• _ABOUT THIS EXERCISE_
Go through the listing below and output exactly the line with "DinDong-Extensions de tresses", the line with "Quoizel Evelynn 10in", and each line between; omit the rest.

(DATA)

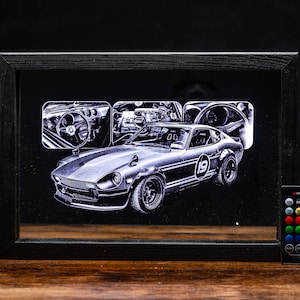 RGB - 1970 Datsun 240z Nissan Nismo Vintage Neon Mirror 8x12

(End DATA)
(DATA)

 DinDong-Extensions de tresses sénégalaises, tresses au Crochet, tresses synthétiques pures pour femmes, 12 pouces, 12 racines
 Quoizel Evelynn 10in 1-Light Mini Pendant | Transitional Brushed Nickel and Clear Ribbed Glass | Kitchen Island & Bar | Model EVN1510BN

(End DATA)
(DATA)

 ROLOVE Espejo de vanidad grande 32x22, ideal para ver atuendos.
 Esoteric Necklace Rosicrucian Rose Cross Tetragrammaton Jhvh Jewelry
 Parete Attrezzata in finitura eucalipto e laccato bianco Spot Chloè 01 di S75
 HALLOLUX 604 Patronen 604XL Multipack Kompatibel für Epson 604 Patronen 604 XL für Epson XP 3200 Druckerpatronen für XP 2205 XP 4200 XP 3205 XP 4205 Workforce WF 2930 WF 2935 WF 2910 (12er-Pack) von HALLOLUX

(End DATA)

• _EXERCISE ANSWER_
 DinDong-Extensions de tresses sénégalaises, tresses au Crochet, tresses synthétiques pures pour femmes, 12 pouces, 12 racines
 Quoizel Evelynn 10in 1-Light Mini Pendant | Transitional Brushed Nickel and Clear Ribbed Glass | Kitchen Island & Bar | Model EVN1510BN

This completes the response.